A French jihadist, who left to join al-Nosra in Syria in 2013, sentenced to fifteen years in prison

Failing to have fought in France, Amar Felouki will spend fifteen years in prison there. Tried since Monday for terrorist criminal association, the young man from Villeneuve-d’Ascq, in the north of France, had joined Syria via Turkey in September 2013 with a cousin and two friends from his neighborhood, to join the terrorist organization al-Nusra. He is the only one to have returned alive to France.

The charges, which he partially acknowledges, are “extremely serious”, considered the court, stressing that he had “stayed in the area for four years” and had participated “at the very least” for more than two years. a year of “fighting within a terrorist group” affiliated with al-Qaeda.

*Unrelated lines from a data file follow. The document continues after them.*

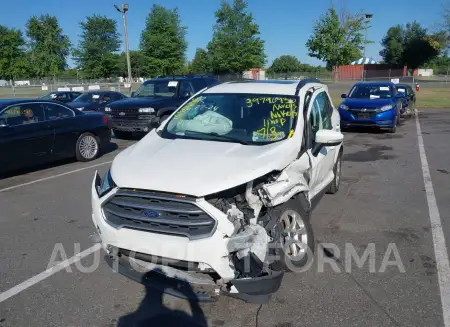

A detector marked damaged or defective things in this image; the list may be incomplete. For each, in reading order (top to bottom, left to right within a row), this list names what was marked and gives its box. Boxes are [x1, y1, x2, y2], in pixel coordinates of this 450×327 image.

crushed front bumper [91, 173, 284, 304]
crumpled hood [110, 131, 298, 197]
damaged white ford ecosport [91, 79, 344, 304]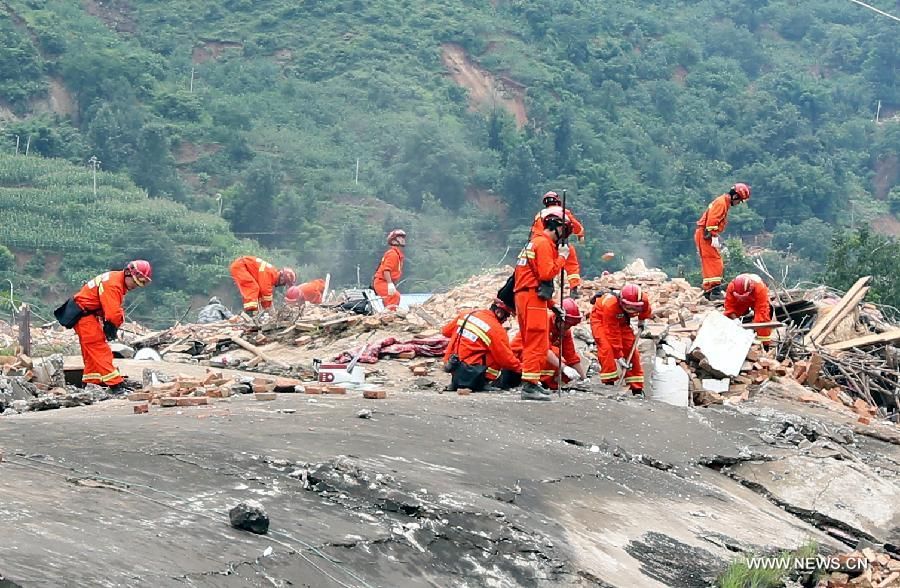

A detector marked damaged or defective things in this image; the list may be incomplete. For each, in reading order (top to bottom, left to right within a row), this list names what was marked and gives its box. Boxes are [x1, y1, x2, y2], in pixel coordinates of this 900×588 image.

broken concrete slab [688, 312, 752, 376]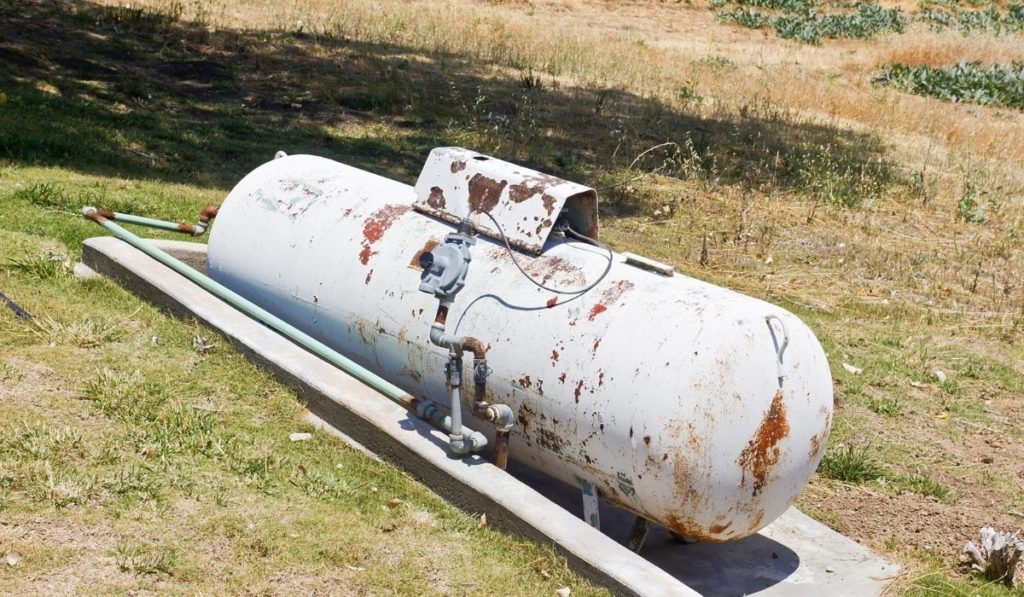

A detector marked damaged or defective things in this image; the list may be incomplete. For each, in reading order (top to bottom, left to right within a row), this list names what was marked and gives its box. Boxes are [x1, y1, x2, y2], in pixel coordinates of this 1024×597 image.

rust stain on tank [425, 186, 446, 209]
rust stain on tank [468, 174, 507, 214]
rust stain on tank [407, 239, 440, 270]
rusty propane tank [207, 148, 831, 540]
rust stain on tank [741, 389, 786, 497]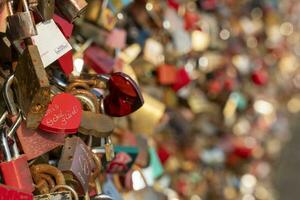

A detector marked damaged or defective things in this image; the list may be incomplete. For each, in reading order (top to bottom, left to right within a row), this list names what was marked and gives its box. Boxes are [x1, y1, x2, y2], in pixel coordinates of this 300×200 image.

rusty padlock [6, 0, 37, 40]
rusty padlock [55, 0, 87, 22]
rusty padlock [3, 74, 64, 160]
rusty padlock [57, 136, 96, 195]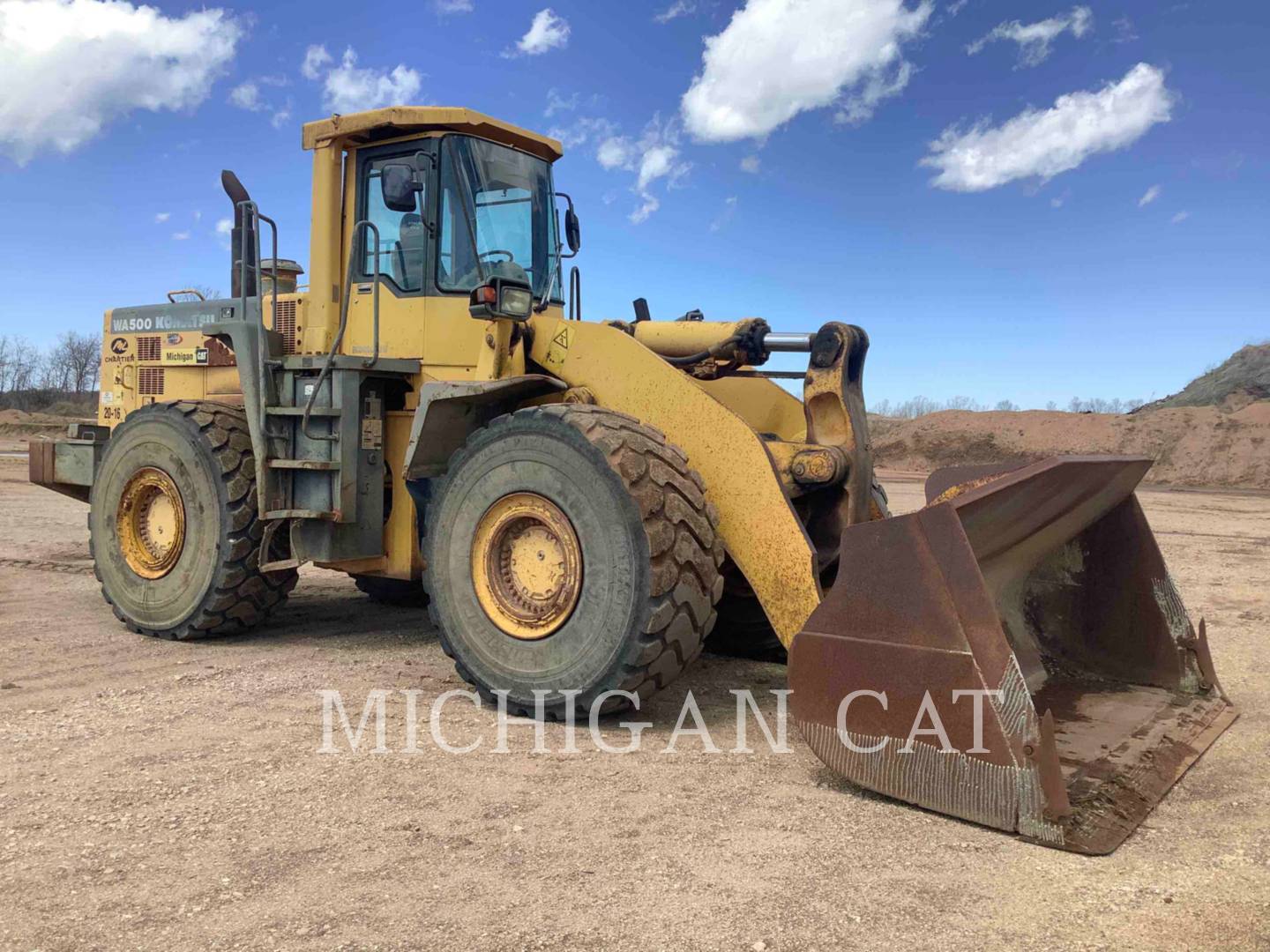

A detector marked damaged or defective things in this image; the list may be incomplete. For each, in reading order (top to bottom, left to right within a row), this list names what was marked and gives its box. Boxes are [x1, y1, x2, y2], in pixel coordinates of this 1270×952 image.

rusty steel bucket [787, 457, 1234, 858]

This “testifies to a persistent adherence to the ideology” jihadist, judged the president, David Hill. “It doesn’t look like you’ve done any real soul-searching,” he added.

“Doubts” concerning “the persistence of the ideological anchoring” of the accused

Amar Felouki had said nothing to his parents, nor to his pregnant wife, financing the departure with a bank overdraft. At the hearing, he admitted that the propaganda on the Internet had stimulated his desire to go “fight Bashar” al-Assad and “apply sharia”. He claims to have left the fight after a serious injury at the end of 2014, to join a Koranic school located in Darkouch, near Turkey, where he would have stayed for nearly three years.

Intercepted by the Turkish authorities in the fall of 2017, after crossing the border, Amar Felouki was detained for several months in Turkey, before being expelled to France in May 2018. On Wednesday morning, the National Anti-Terrorist Prosecutor’s Office (Pnat ) had requested eighteen years in prison accompanied by a security sentence of twelve years, evoking his “doubts” concerning “the persistence of the ideological anchoring” of Amar Felouki, now 31 years old.

Refusal to participate in psychological interviews

“Not, at a single moment, Amar Felouki spontaneously questioned his commitment”, underlined the Advocate General. She was also not convinced by the accused’s account, judging it “very unlikely” that the al-Nusra Front did without “a man capable of fighting for three years”, while the fighting were raging.

“Four years in a terrorist organization is extremely long,” said the Advocate General, seeing it as a sign of “acceptance of its rules” and “total mastery of combat techniques”. The Pnat representative also regretted the accused’s refusal to participate in interviews with a psychologist during his assessment in detention. “We need to know who Mr. Felouki is” before trusting him, she explained.

His lawyer plans to appeal

“The quantum of the sentence does not surprise me,” commented the lawyer for the accused after the statement of the verdict. Florian Lastelle said on the other hand “a little disappointed by the security sentence” pronounced, of ten years, which “prevents him from asking for an adjustment of sentence” in the immediate future. During his argument, at the end of the morning, he asked the court to pronounce a decision which “gives perspective” and “hope” to Amar Felouki. “There is no proven dangerousness in Mr. Felouki”, he assured, highlighting his “voluntary” return to France.

Me Lastelle also regretted “decisions motivated by reports which are imprecise, written by people whom we do not know, whose professional qualities we do not know”, in reference to the evaluation report written in detention. He also described as “historical untruth” the presentation of the accusation putting “on an equal footing membership in Jabhat al-Nosra”, the group integrated by Amar Felouki, and the Islamic State organization. The lawyer said he was “thinking” about a possible appeal of the verdict.